A thousand questions officially open sourced FlashQLA, which reduces the computational cost of the attention layer in the training and inference processes.

date
19:37 29/04/2026
avatar
GMT Eight
On April 29th, Qianwen Big Model announced the official open sourcing of FlashQLA, a high-performance linear attention operator library implemented based on TileLang.
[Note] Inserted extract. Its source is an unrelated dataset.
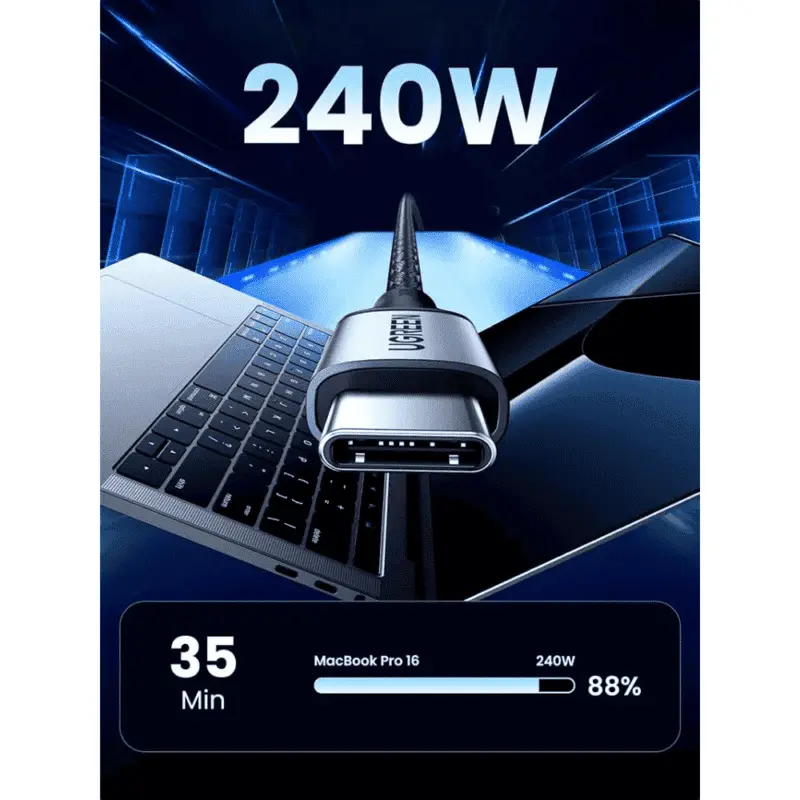 Ugreen US535 USB-C to USB-C PD Cable 240W 5A 1m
On April 29th, Qwen's large model announced the official open-source release of FlashQLA, a high-performance linear attention operator library based on TileLang. FlashQLA merges and optimizes the forward and backward calculations of GDN Chunked Prefill operators in a reasonable way, achieving 2-3 forward acceleration and 2 backward acceleration compared to FLA Triton Kernel on NVIDIA Hopper in multiple scenarios. This significantly improves the efficiency of pre-training scenarios and edge-side agentic inference. The Qwen team stated that since the release of Qwen3-Next, the Gated Delta Network (GDN) has become the main attention layer in the entire Qwen series, extending from Qwen3-Next-80B-A3B to the subsequent Qwen3.5/Qwen3.6 series. As the model scale expands to 397A17B, 122A10B, 35B, 27B, the overhead of GDN in end-to-end training and inference has become significant. The core highlights of this release include: Gate-driven automatic intra-card sequence parallelism. By utilizing the exponential decay property of GDN gate, FlashQLA automatically enables intra-card sequence parallelism in TP, long sequences, and small head scenarios, increasing the GPU SM utilization; Hardware-friendly algebraic rewriting. Some modifications are made to the forward and backward processes of GDN Chunked Prefill, effectively reducing the overhead of Tensor Cores, CUDA Cores, and SFUs without affecting numerical precision.